§ **Exercise instructions**: Locate all lines in the data below that hold "Used" and show them.

§ **Information supplied**:
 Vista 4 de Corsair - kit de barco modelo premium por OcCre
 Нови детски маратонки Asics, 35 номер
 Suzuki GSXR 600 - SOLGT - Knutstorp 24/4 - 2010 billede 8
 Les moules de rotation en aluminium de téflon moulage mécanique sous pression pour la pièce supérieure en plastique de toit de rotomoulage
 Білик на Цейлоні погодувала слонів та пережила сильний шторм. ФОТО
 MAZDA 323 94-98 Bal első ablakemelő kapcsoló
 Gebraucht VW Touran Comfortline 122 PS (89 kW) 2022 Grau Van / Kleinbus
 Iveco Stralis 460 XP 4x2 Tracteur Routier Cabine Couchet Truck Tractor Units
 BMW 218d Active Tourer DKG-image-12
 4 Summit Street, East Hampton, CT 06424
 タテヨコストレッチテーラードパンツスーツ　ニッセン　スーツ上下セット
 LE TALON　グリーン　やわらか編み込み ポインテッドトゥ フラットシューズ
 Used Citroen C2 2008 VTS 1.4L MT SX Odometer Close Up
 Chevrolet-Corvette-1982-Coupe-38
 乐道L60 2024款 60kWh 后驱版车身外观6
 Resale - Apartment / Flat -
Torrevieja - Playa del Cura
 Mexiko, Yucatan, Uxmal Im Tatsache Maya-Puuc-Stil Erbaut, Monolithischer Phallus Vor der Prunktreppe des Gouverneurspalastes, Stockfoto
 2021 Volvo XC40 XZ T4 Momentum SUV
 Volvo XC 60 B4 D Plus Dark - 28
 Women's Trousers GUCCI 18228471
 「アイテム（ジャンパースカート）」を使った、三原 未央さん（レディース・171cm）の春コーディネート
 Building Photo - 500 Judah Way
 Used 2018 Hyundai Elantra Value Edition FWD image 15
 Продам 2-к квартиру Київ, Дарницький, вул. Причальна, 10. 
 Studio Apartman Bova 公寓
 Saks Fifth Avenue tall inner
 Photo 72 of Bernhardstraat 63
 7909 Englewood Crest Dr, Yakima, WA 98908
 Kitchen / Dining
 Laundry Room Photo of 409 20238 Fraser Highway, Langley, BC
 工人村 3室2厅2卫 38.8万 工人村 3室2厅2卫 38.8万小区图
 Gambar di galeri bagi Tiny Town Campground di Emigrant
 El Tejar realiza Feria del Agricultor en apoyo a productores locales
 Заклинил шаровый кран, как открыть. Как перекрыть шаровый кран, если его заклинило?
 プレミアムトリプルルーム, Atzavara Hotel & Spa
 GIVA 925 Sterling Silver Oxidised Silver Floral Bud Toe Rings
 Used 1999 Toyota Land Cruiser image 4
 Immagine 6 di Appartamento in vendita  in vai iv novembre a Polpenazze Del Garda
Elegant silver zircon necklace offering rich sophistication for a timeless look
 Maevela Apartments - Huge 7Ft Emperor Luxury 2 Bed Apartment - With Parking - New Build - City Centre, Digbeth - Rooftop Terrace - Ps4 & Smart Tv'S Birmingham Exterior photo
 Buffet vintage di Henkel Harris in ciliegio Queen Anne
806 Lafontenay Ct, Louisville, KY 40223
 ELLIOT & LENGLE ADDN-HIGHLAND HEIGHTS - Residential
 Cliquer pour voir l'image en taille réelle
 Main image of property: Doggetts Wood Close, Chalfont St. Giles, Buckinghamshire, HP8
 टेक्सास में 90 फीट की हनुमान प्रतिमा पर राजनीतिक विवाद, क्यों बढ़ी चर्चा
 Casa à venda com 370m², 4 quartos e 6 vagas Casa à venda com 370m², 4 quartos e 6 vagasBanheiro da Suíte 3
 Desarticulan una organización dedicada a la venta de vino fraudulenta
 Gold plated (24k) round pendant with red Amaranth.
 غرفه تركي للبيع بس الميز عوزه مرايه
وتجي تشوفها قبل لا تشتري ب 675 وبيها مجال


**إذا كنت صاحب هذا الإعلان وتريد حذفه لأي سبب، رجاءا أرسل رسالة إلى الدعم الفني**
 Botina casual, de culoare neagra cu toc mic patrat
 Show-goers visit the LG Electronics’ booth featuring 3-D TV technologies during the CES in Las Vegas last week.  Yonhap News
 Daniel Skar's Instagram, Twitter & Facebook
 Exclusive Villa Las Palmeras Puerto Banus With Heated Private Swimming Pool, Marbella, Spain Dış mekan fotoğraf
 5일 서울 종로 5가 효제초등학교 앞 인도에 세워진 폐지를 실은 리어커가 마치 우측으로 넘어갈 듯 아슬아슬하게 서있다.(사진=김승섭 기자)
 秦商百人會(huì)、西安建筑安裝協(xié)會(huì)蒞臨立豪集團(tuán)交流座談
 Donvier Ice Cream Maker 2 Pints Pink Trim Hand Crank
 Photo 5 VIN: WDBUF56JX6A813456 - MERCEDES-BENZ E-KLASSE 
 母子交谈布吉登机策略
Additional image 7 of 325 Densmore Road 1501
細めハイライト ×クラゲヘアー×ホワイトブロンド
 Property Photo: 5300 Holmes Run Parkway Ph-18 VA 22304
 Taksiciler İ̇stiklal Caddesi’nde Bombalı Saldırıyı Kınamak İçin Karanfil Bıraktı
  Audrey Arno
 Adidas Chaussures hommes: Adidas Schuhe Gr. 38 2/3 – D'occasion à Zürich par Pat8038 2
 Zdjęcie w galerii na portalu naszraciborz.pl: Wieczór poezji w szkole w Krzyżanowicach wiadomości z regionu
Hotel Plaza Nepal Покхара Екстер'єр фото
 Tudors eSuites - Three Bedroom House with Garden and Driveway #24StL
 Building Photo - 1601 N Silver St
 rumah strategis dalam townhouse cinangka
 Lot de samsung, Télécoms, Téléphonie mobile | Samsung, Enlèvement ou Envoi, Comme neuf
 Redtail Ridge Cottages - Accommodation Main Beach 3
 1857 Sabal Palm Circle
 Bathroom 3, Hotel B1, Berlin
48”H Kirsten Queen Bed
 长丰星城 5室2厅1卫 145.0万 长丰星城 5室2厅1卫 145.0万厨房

§ **Written answer**:
 Used Citroen C2 2008 VTS 1.4L MT SX Odometer Close Up
 Used 2018 Hyundai Elantra Value Edition FWD image 15
 Used 1999 Toyota Land Cruiser image 4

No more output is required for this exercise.